Originally Posted by
Endus
Then people have no idea what they're talking about, and I'm really not interested in entertaining people's ignorance as a valid counter-point.
Unions form within a capitalist system so that collective power can offset the inherent advantages employers have over employees in labor negotiations. In nearly all socialist systems this would be superfluous, as the means of production wouldn't be owned by some independent owner in the first place. Even in cases where a socialist system uses the same word, "union", to describe a worker collective, it's not anything like what we're talking about when we describe "unions" in common parlance; it's a word applied to a form of worker co-operative, where the union itself owns the shop its members work at, and thus they share in its profits as a result.
Any framing where a "union" is a worker's group meant to negotiate with ownership over compensation and working conditions and such, that's explicitly capitalist in origin, not socialist. You've defined the concept in relation to the economic system of capitalism, and while it's working to offset the power of the capitalist class, it's still fundamentally rooted in capitalist theory.
Like, words mean things. The reason we keep having these arguments is because we let bad people misuse the terminology so egregiously, in the first place.
I've put in bold the phrase that should explain pretty darned clearly why it's not a socialist attitude.
Again; "Capitalism" means "private ownership of the means of production". "Socialism" means "collective ownership of the means of production". Everything else is flavor text about which variety of each we're talking about.

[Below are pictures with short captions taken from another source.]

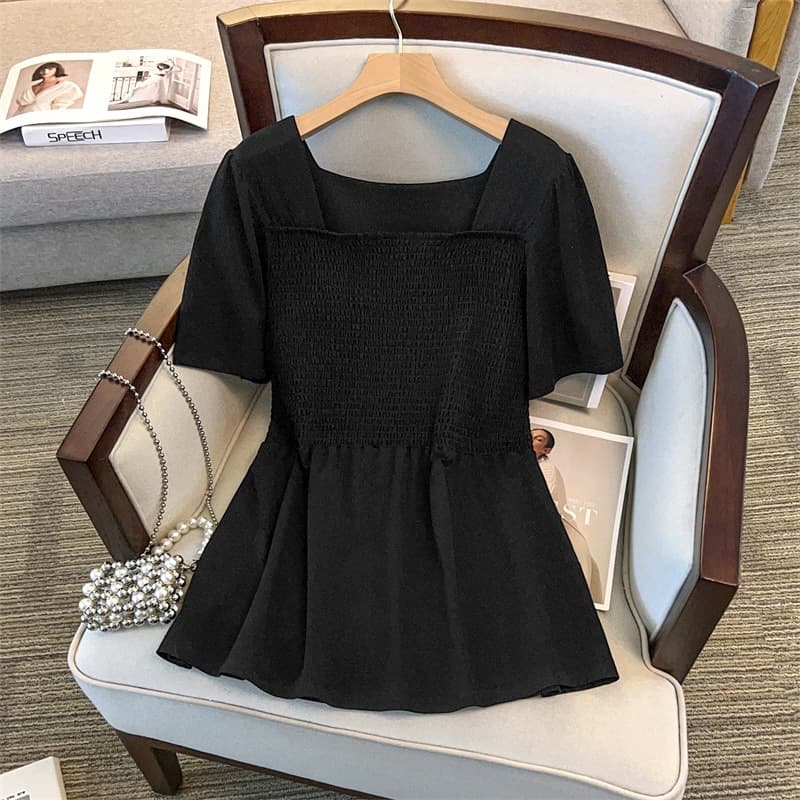 New Plus Size Slimming Loose Short Sleeve Fashion T-Shirt Mid-Length Top 200/300/350-7106
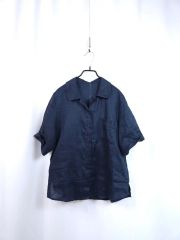 マーガレットハウエル  リネン半袖ブラウス　ネイビー MARGARET HOWELL（マーガレットハウエル）の「LINEN VOILE（シャツ
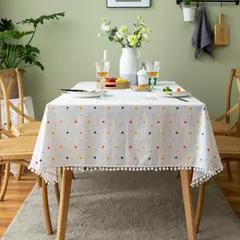 Toalha de mesa de algodão pequena margarida para decoração, estilo coreano, retângulo, para cozinha, casamento, sala de jantar - loja online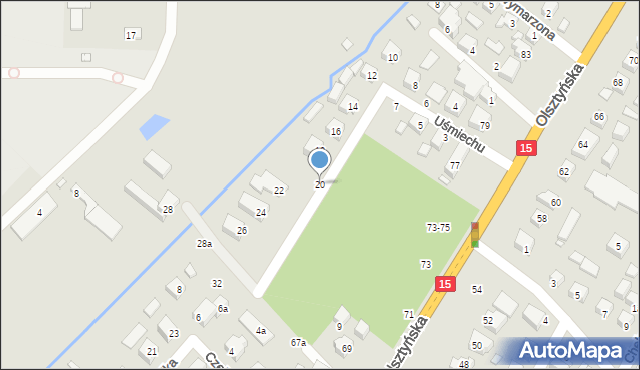 Toruń, Uśmiechu, 20, mapa Torunia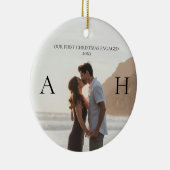 Modern Couple 2 Photo First Christmas Engaged Keramisch Ornament (Rechts)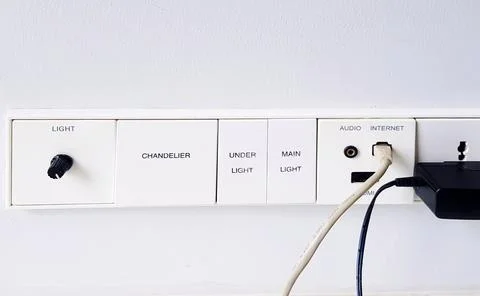 Switch with light switch, internet connection, audio, HDMI and AC outlet plug Stock Photos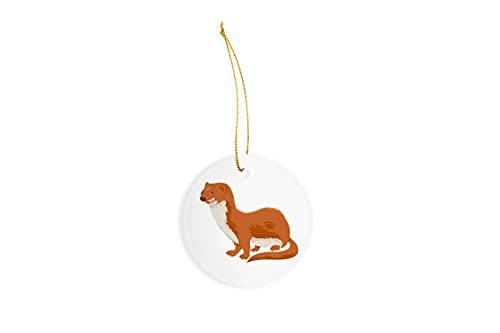 Weasel Cartoon Animal Character Ceramic Ornament - Christmas Decorations - 3" Circle Ceramic Ornament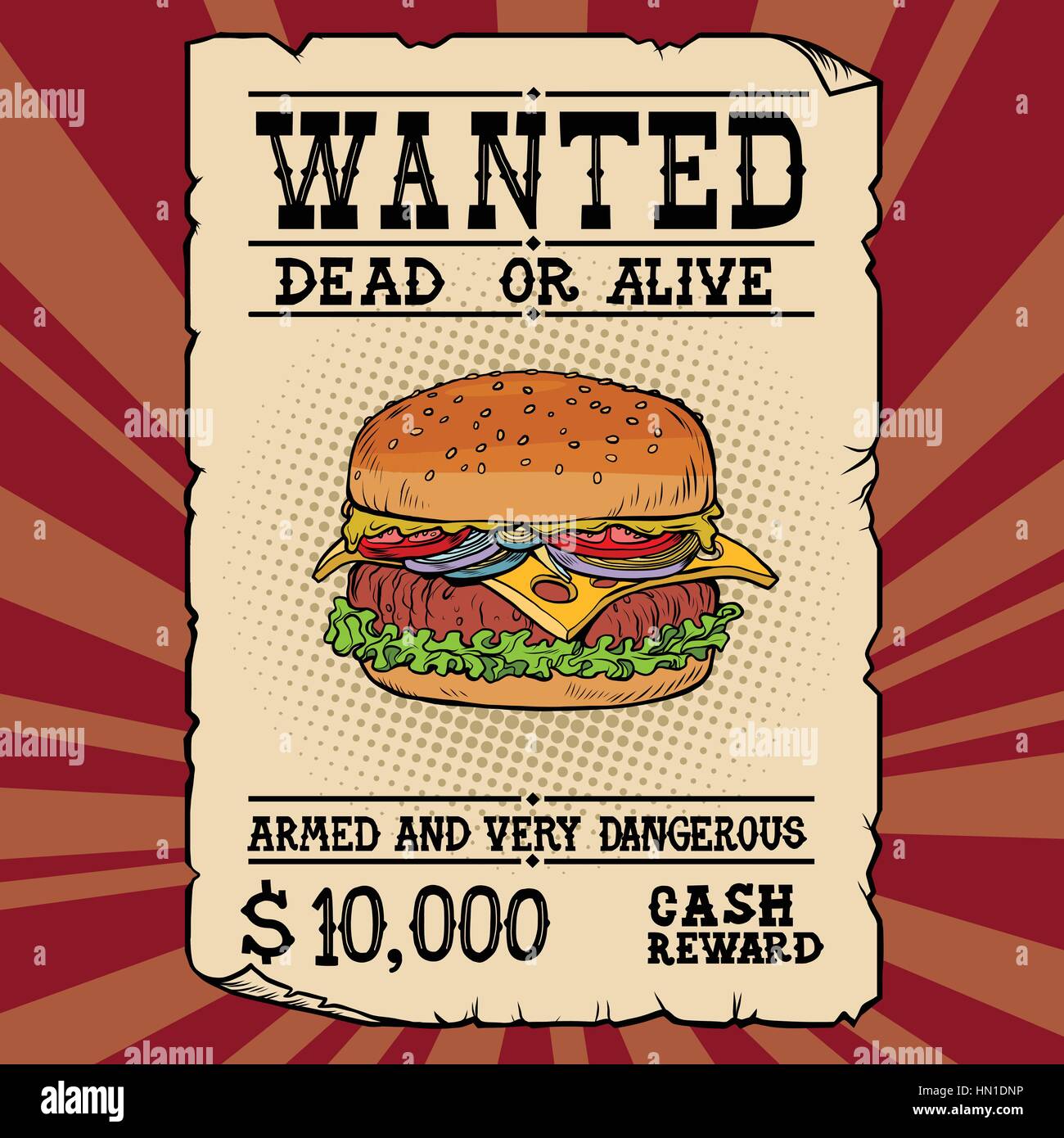 Burger fast food wanted dead or alive Stock Vector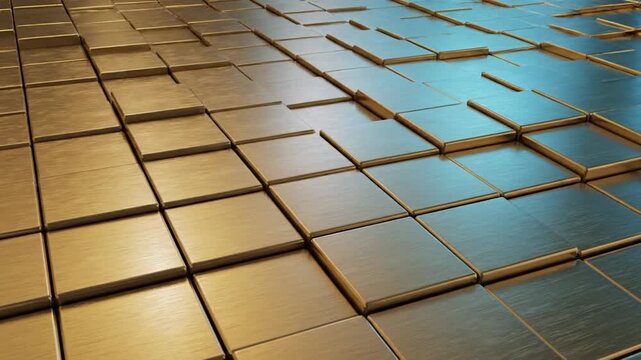 A textured metallic surface composed of numerous raised and lowered cubes with a gradient of light and shadow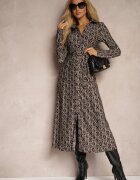 by swan Rochie Maro cu croială tip cămașă cu cordon legat și cu imprimeu abstract Sairina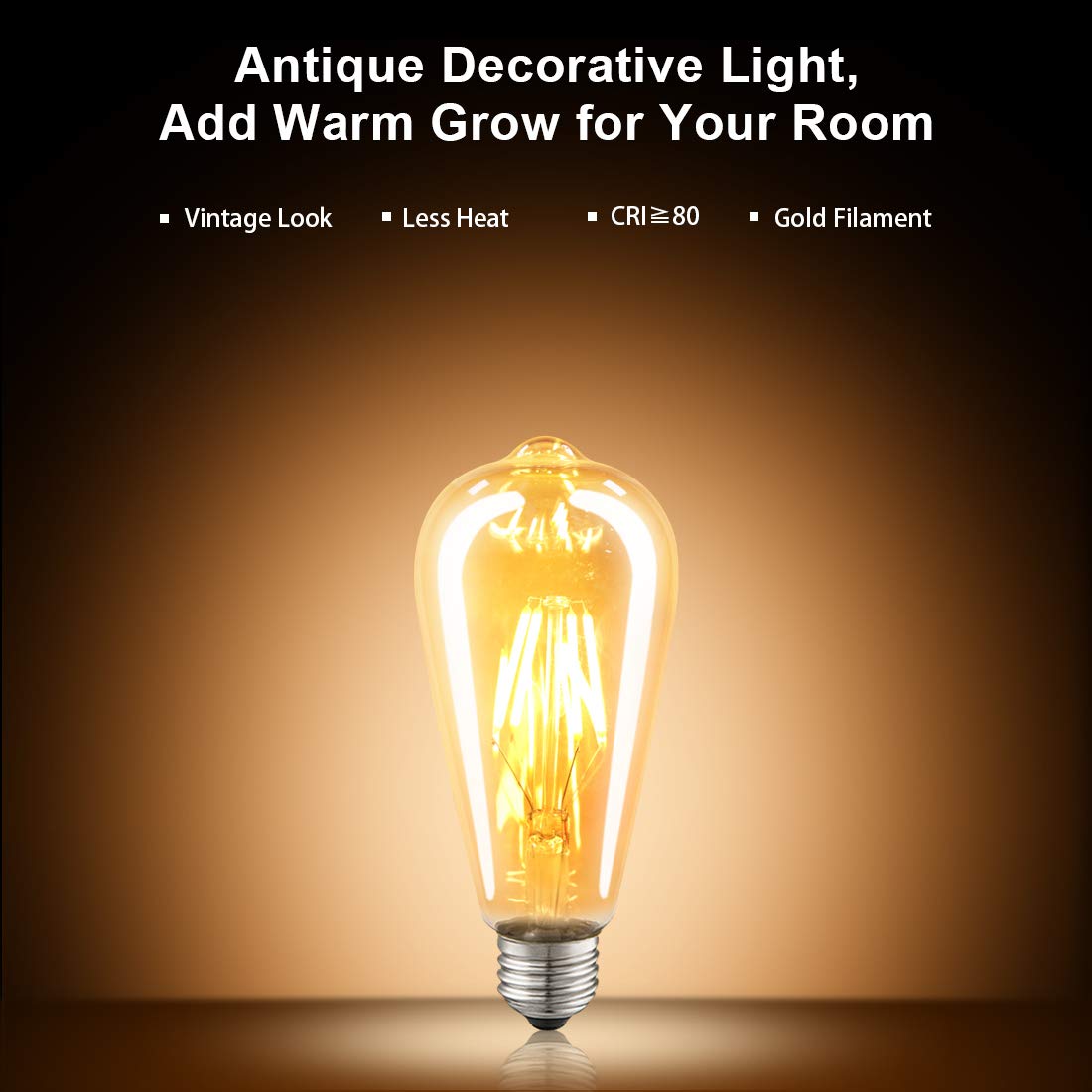 LUXON Dimmable LED Edison Bulbs, Amber Glass, 2700K Warm White, 40W Equivalent, 6-Pack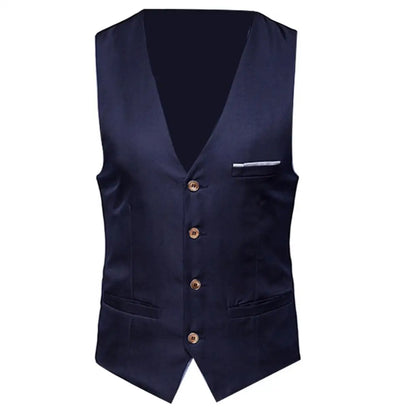 Fashion Formal Men Vest Solid Color Suit Vest Single Breasted Business Waistcoat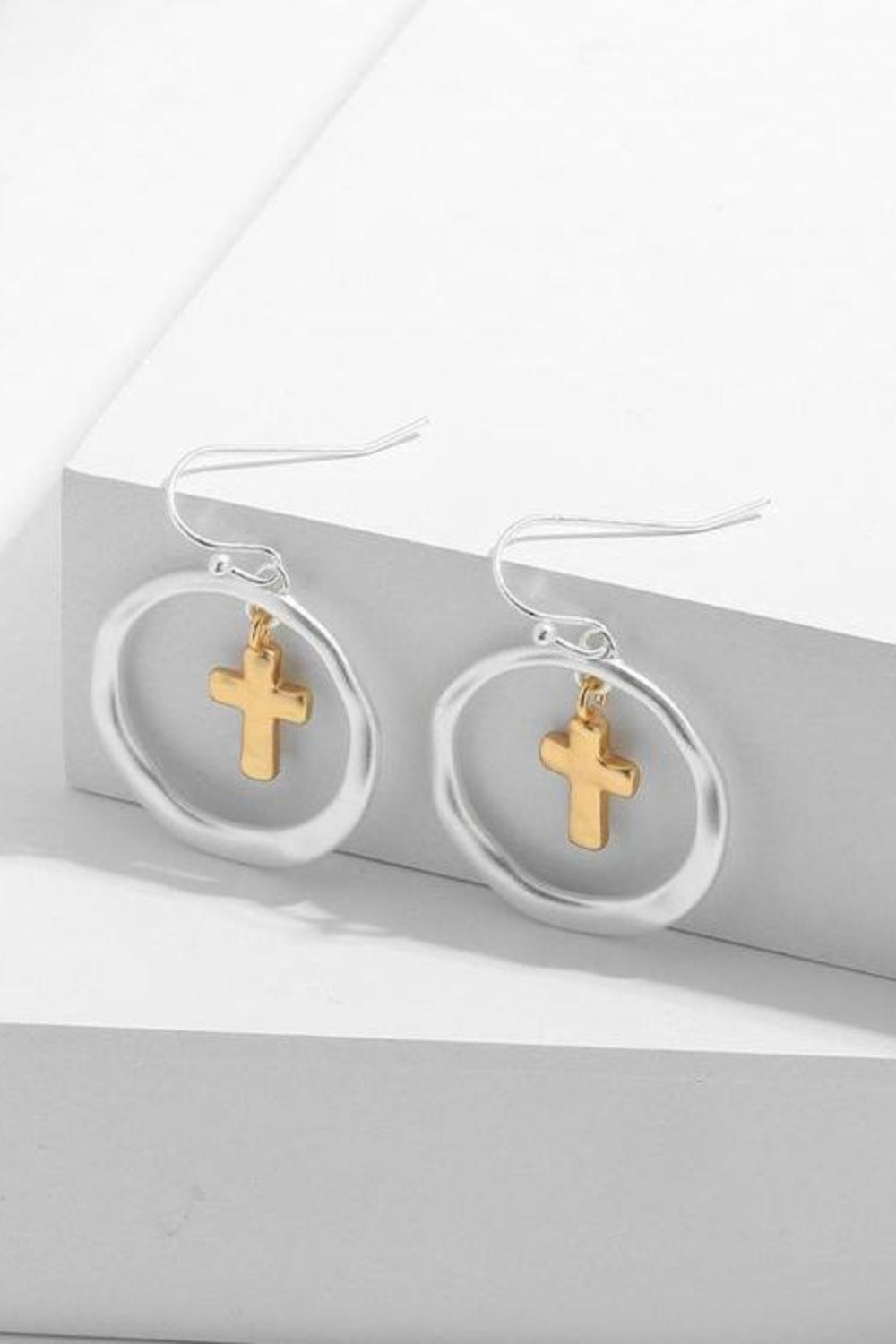 Cross Dangle Earrings Silver Brass Contrast Gold-plated Round Women Jewelry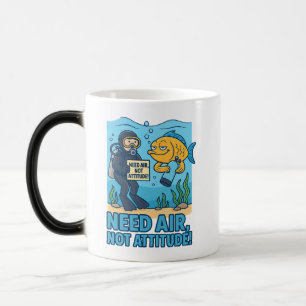 Mug Magique Fantaisie Plongeur - Pensées profondes, pas d'air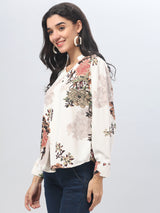 Floral Mandarin Collar Neck Top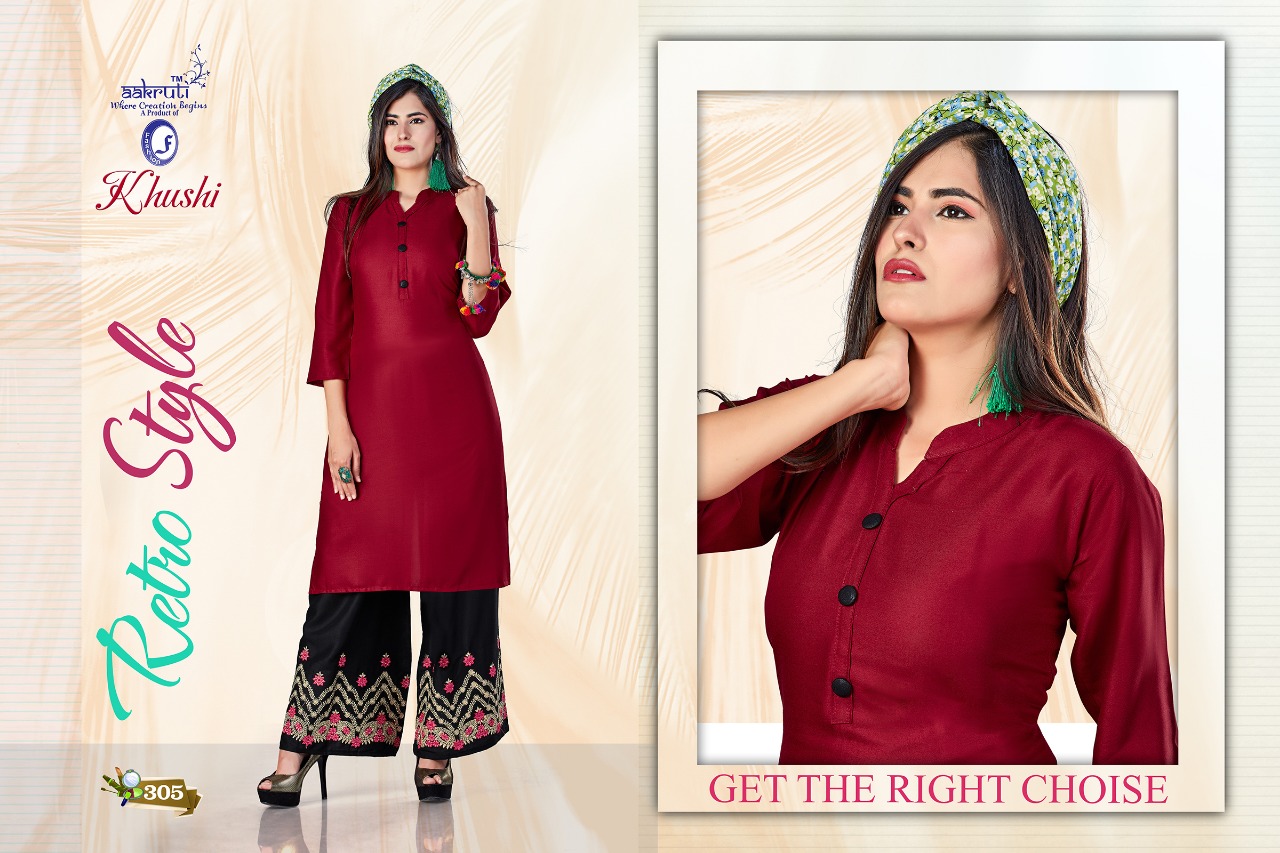 Khushi By Aakruti 301 To 310 Series Beautiful Stylish Colorful Fancy Party Wear & Ethnic Wear & Ready To Wear Rayon Kurtis With Bottom At Wholesale Price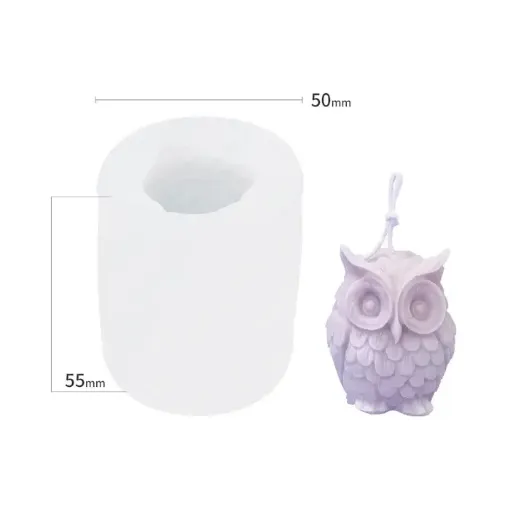 molde silicona para velas modelo buho 50x55mms 0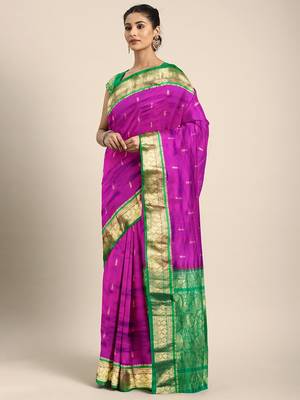 Purple hand woven kanchipuram silk saree with blouse 1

If someone describes a company as "their (single ownership) business", that's pretty much definitively capitalism. Pretty much the sole exception is businesses that are so structurally small they're essentially only that individual working in it; an independent freelance writer is the sole worker in "their business", for instance.
I'm not gonna try and gatekeep socialism by saying stuff "isn't true socialism" just because it's a flavor I don't like, or something. But there's a pretty simple and obvious demarcation between "socialism" and "capitalism", and that's the ownership of the means of production. Stalinism is socialism, and hippie communes are socialism, and market socialism is socialism, but private ownership is always capitalism.